For those of us who can only imagine a time other than the current era, the present may seem like a terrible time, but in fact it isn’t so. “The history of humanity is a horror story,” says Rémy, the typical disillusioned communist professor in love with degenerate life, from the movie Les Invasions Barbares:
No, no way. Contrary to what they say. The 20th century was not so bloody. It is assumed that wars left a hundred million dead. Adding 10 million Russians in the gulags. Chinese fields, say, 20 million. A total of 130, 135 million dead. Not so impressive.
In the 16th century, Spanish and Portuguese managed, without gas chambers or bombs, to wipe out 150 million Indians in Latin America. It took work, sister! 150 million people, by the ax! Even with the support of your church, it was a great achievement.
Even the Dutch, German, English and Americans . . . felt inspired and massacred over 50 million more. A total of 200 million dead! The largest massacre of mankind was here, around us. And not a goddamn holocaust museum was built.
What this character is talking about is human nature. We are full of conflict, and we certainly need to find ways — and we do — to vent this powerful energy.
Until now, our youngsters were encouraged, through our stories, fairytales, morals, and careers to go to war. By that I mean a simple look at children’s songs will do: they motivate aggressive behavior, not just competitiveness.
By such mechanisms, we have been encouraging young people to use and canalize the natural energy of their young bodies in a way that couldn’t be more destructive. On the other hand, they have several reasons to buy this “good idea.” As young adults they need to:
- affirm their individualities
- create an identity, preferably a unique one
- leave their individual mark
As we enter the 21st century, I would like to believe that Eros will prevail and that creativeness will gain space. As it does, there will be no need for our silly youngsters to fight over small things or die in the name of the interests of old, cowardly, rich, and powerful men. We can certainly think of better and more useful ways to canalize their powers, not only those of the youngsters but, more importantly, those of the monetary lords.
For example, as is well known, wars were totally interrupted in ancient Greece during their Olympic Games. So we can learn from this major lesson and teach our children to assert themselves by winning and losing in their games, to accept those outcomes, and to compete according to the established rules. This would transform the bloody negative mechanism of human wars into positive and constructive humane actions.
If conflict is a part of human nature, of course it will be reflected in international relations. So we must correct the problems at their roots. It is useless to keep debating the symptoms. Culture, religion, and nationalism don’t matter, except to the extent they stimulate conflict in individuals. Conflict is a human problem, and it must be dealt with at the individual level.

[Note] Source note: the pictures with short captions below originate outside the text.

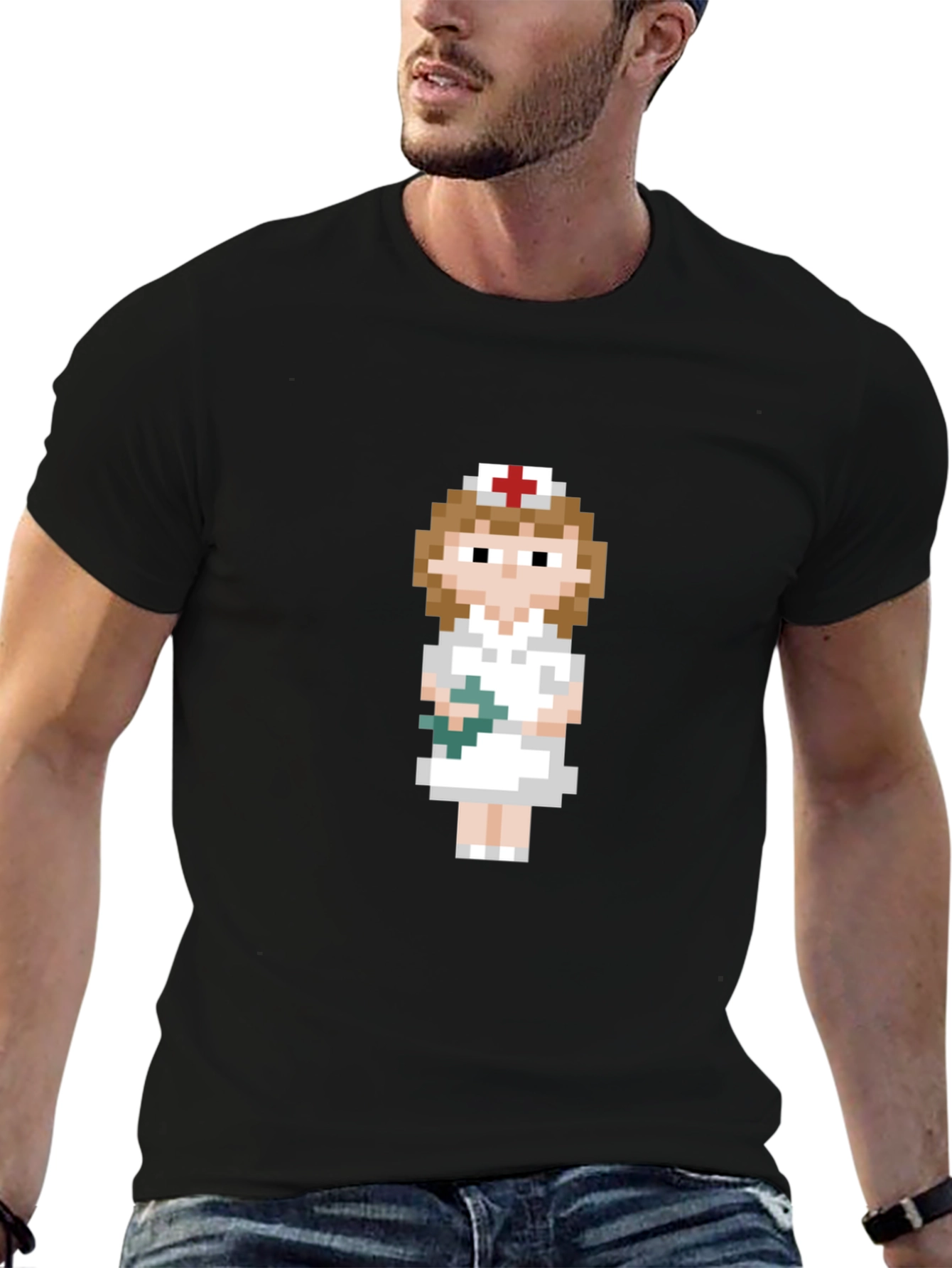 Pixel Nurse T-Shirt - Retro Gaming Style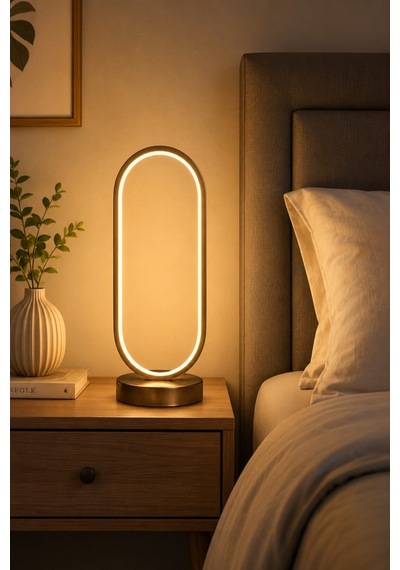 Zzez Kahverengi Gün Işığı Led Işıklı Modern Tasarım Led Masa Lambası - Abajur - Gece Lambası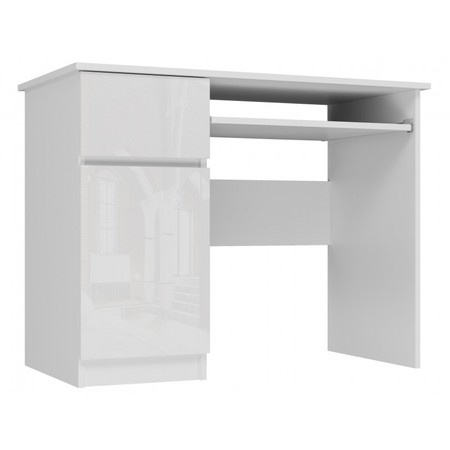 Počítačový stůl BRAVO levá strana - bílá lesk TOP Nábytek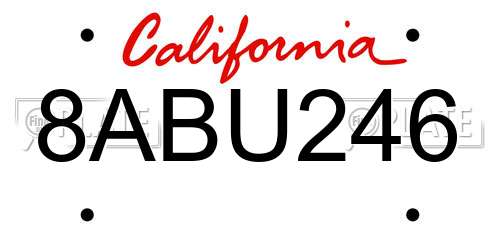 8ABU246 California License Plate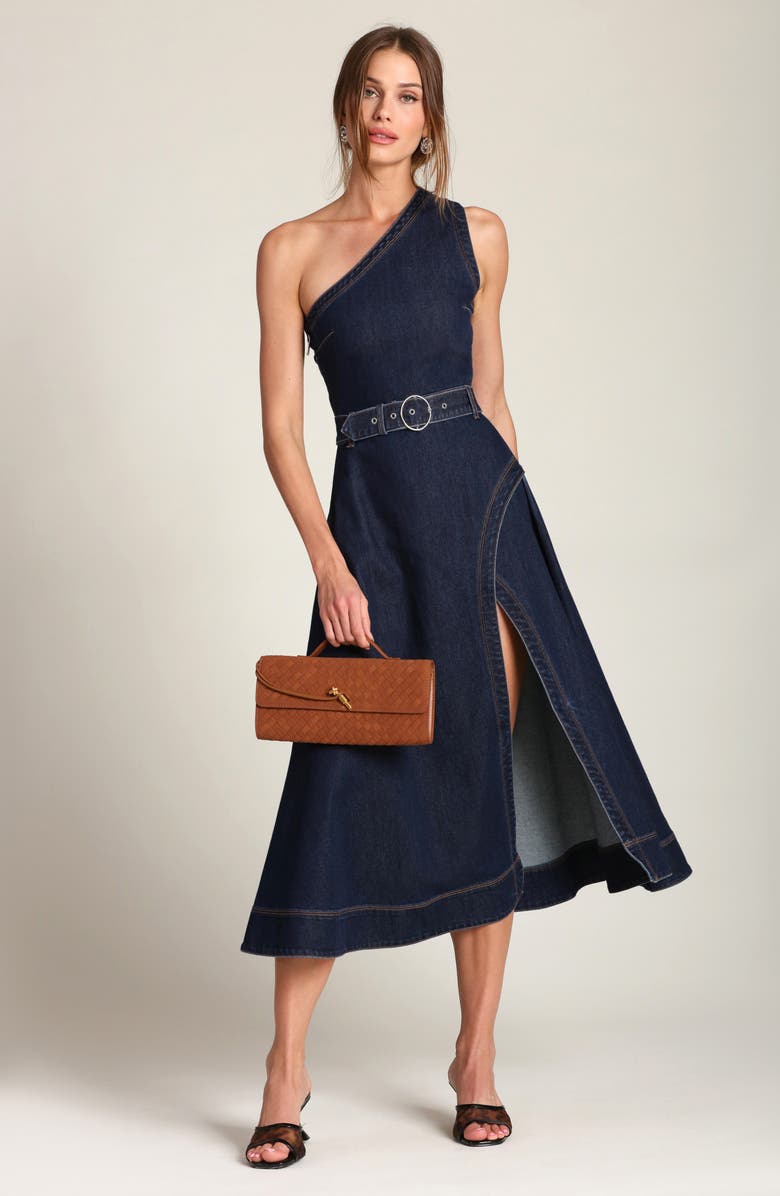 Avec Les Filles One-Shoulder Denim Midi Dress, Alternate, color, Royal Rinse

So . . . the main issue is: peace between individuals is not only impossible but unwanted and boring. We have no desire to be exactly the same. We just want to live in a balanced and safe world where we have the certainty of equal opportunity and treatment to enable us to fight for our rights and develop out abilities.
If it is a fact that conflict is a part of human nature, then so is learning. We learn not only as individuals but as a society and as humanity. And that is the other point of Rémy’s example and why a peaceful time is so achievable.